Scraped caption text data:
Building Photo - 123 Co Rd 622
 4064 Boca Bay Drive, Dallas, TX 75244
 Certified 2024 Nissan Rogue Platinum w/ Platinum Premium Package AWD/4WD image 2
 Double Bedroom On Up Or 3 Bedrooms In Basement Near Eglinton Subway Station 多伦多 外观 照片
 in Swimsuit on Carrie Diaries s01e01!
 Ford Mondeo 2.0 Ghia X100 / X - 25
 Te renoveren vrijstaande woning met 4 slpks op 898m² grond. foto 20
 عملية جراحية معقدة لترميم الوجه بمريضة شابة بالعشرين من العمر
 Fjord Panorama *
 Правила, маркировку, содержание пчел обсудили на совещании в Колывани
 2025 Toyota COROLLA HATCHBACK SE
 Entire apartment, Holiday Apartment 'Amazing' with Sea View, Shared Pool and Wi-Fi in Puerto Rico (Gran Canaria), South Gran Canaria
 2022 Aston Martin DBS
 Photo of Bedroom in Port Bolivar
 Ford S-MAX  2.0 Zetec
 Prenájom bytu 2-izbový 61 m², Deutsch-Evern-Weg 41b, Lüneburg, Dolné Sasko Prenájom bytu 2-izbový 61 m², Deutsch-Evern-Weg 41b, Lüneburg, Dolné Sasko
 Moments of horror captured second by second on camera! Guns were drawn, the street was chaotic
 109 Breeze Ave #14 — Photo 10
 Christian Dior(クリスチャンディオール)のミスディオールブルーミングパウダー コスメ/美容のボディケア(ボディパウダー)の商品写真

§ **What is expected**: Say how many lines of the data hold the string "Bedroom", with no other words in your reply.

§ **Reply**: 2